Emmy 2019 all’insegna dei diritti LGBT+
L’anno scorso la premiazione degli Emmy è stata sorprendente, un’edizione senza conduttori in cui le tematiche hanno segnato una svolta non indifferente. Sono successe cose memorabili, dando l’idea che finalmente i celebri premi per la televisione si concentrassero anche sugli effetti sociali che essa esercita.
Billy Porter ha vinto come come miglior attore protagonista in una serie drammatica, Pose (ideata, tra gli altri, da Ryan Murphy), essendo il primo omosessuale nero a ricevere un premio. Patricia Arquette ha vinto un Emmy come Miglior Attrice Non Protagonista per la sua interpretazione nella miniserie The Act, pronunciandosi in un drammatico e toccante discorso sulla necessità di annientare i pregiudizi nei confronti delle persone transgender. Nominando sua sorella trans Alexis, morta a soli 47 anni.
Sulla scia dell’uguaglianza elettrizzante messa in atto dalla kermesse la competizione di drag queens RuPaul’s Drag Race vince come miglior reality, e il conduttore RuPaul riceve il premio di Miglior Conduttore di Reality. Altre serie LGBT+ attirano l’attenzione e si aggiudicano ulteriori riconoscimenti: Jodie Comer, come Miglior Attrice Protagonista in una serie drammatica per il suo ruolo in Killing Eve, e Ben Whishaw come Miglior attore non protagonista in una miniserie o film TV per il suo ruolo in A Very English Scandal.

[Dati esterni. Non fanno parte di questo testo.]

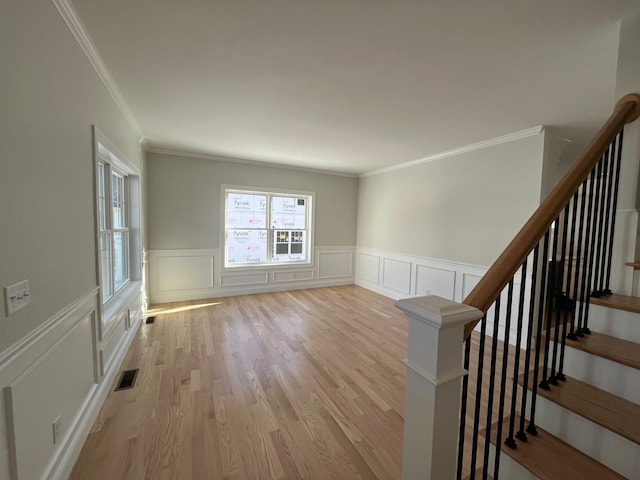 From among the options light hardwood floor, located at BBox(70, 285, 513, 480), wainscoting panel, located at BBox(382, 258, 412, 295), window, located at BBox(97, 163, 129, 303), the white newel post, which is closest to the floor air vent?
light hardwood floor, located at BBox(70, 285, 513, 480)

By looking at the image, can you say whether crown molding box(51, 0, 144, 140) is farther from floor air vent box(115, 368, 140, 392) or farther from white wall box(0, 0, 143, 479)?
floor air vent box(115, 368, 140, 392)

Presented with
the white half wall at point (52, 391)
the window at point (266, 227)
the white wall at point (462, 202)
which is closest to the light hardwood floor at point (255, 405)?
the white half wall at point (52, 391)

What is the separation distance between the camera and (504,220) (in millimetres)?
3375

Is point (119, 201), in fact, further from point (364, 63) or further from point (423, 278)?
point (423, 278)

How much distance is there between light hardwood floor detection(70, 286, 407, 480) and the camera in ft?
5.24

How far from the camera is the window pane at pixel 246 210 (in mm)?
5105

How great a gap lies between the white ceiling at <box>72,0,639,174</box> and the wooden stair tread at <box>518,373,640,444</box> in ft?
6.23

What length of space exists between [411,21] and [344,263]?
5.00 metres

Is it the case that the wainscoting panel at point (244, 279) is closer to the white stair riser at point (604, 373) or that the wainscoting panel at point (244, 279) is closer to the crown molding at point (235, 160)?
the crown molding at point (235, 160)

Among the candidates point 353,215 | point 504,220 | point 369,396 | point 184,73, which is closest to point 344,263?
point 353,215

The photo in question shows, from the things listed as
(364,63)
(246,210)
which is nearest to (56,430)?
(364,63)

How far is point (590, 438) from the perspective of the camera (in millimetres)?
1044

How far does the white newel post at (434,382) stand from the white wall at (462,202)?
3.10 metres

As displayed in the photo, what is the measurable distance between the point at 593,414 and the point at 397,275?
403 centimetres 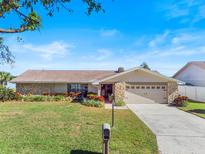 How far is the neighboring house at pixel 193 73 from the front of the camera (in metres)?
28.7

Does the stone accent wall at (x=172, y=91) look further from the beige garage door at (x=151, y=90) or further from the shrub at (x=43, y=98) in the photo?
the shrub at (x=43, y=98)

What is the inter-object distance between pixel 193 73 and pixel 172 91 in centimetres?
943

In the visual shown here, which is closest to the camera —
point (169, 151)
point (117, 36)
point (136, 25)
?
point (169, 151)

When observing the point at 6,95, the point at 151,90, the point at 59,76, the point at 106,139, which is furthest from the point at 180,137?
the point at 59,76

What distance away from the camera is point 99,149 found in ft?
24.6

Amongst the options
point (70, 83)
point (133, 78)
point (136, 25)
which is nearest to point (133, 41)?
point (133, 78)

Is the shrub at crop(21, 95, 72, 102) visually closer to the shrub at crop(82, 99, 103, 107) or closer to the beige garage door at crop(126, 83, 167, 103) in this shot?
the shrub at crop(82, 99, 103, 107)

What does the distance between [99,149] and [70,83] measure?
19.6 m

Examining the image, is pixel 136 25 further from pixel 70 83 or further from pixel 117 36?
pixel 70 83

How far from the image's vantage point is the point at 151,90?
23.5m

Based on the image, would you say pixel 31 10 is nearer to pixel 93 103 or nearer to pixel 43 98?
pixel 93 103

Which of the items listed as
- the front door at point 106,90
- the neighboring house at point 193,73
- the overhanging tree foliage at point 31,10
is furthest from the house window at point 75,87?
the overhanging tree foliage at point 31,10

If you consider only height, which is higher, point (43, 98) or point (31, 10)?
point (31, 10)

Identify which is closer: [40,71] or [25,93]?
[25,93]
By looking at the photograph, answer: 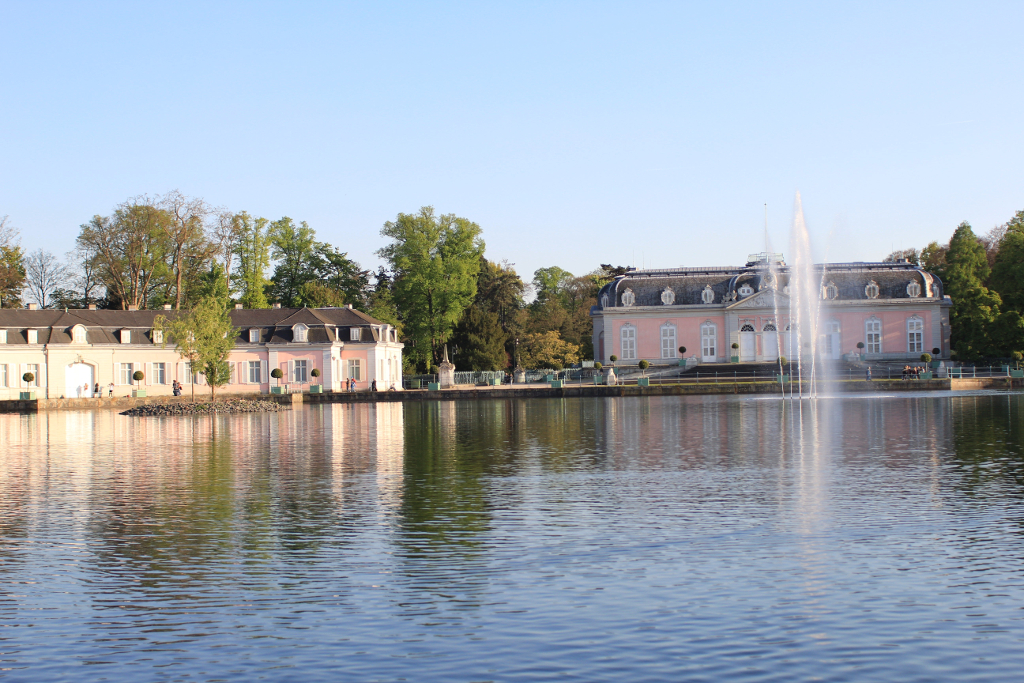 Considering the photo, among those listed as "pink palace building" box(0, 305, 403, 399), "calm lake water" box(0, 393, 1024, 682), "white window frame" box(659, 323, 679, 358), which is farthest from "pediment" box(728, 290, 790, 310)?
"calm lake water" box(0, 393, 1024, 682)

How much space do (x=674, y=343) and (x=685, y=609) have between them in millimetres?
68611

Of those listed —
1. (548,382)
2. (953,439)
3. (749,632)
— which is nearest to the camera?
(749,632)

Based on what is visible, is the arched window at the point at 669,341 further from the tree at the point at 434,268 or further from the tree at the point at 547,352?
the tree at the point at 434,268

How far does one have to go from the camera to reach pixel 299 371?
212ft

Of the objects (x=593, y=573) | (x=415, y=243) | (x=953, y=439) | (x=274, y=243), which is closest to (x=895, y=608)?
(x=593, y=573)

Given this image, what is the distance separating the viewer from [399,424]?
3562 cm

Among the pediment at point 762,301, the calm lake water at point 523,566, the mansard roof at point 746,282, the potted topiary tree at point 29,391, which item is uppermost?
the mansard roof at point 746,282

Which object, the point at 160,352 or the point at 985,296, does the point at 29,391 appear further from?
the point at 985,296

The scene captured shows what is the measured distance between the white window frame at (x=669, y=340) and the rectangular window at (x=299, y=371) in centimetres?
2730

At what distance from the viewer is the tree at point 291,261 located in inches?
3152

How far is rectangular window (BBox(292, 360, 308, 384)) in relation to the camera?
64.6 metres

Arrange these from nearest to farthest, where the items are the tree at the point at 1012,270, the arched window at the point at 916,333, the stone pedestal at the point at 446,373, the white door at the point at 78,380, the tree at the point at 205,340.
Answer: the tree at the point at 205,340
the white door at the point at 78,380
the tree at the point at 1012,270
the stone pedestal at the point at 446,373
the arched window at the point at 916,333

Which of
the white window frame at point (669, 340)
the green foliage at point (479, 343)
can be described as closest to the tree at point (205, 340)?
the green foliage at point (479, 343)

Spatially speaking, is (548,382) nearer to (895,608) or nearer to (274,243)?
(274,243)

È tutto bellissimo, mi sono detta, in un particolare momento di commozione che si verifica quando tutti i pianeti si allineano e ho l’impressione di vivere in un mondo dove il concetto di diversità è superato e il futuro appare radioso. Ma, come la moda del caschetto asimmetrico rimane un ricordo, anche quella che agli Emmy non ci siano discriminazioni è andata in fumo senza lasciar traccia, se non qualche foto per dimostrare che non fosse un sogno.
Senza lasciar traccia
Billy Porter è stato premiato nel 2019 per il ruolo di Pray Tell interpretato nella serie tv drammatica Pose. Si sa che dalla mente di Ryan Murphy nascono creature senza eguali, tra le altre: American Horror Story, American Crime Story, The Politician e il più recente Hollywood. Eppure con Pose ha dato il via ad un ripensamento critico, oltre che artistico, di un momento storico, tra gli anni ’80 e ’90, di essenziale importanza per la comunità LGBT+, soprattutto per i transessuali raccontati e interpretati in due stagioni una meglio dell’altra (disponibili su Netflix).
Già, le vicende dei ball e della diffusione dell’AIDS che ha piegato la comunità rappresentate in Pose sono frutto dell’interpretazione, in primis, di attrici transessuali (in un mondo ideale, quello di qualche paragrafo fa, basterebbe “attrici” per definirle).
Le grandi dimenticate
MJ Rodriguez, Dominique Jackson, Indya Moore, Angelica Ross e tante altre, sono loro i volti femminili della serie in questione, sono loro i volti dimenticati totalmente dagli Emmy. Proprio Angelica Ross, in una diretta Instagram, si è lasciata andare in un pianto che lascia inermi.
Quasi scontenta vedo che l’unica nomination è andata a Billy Porter, anche quest’anno, senza nulla togliere all’attore che si è subito schierato a fianco delle sue “sorelle”, protagoniste trascurate dalle candidature. Forse è la scelta più cauta per rimanere sull’onda dell’accettazione, forse è una scelta deliberata per non valutare abbastanza eccezionale l’interpretazione della sfilza di attrici appena nominate.
Io ho visto Pose, l’ho amato per la sua ironia e per avermi donato dei personaggi così caldi, reali, quindi in fondo al cuore so di non arrabbiarmi per una sterile polemica. Per questo ve lo consiglio, per condividere con voi quel mondo ideale senza drammi e disuguaglianze dove se agli Emmy compaiono più di due attrici transessuali nominate non è un evento da annotare, ma semplicemente la normalità.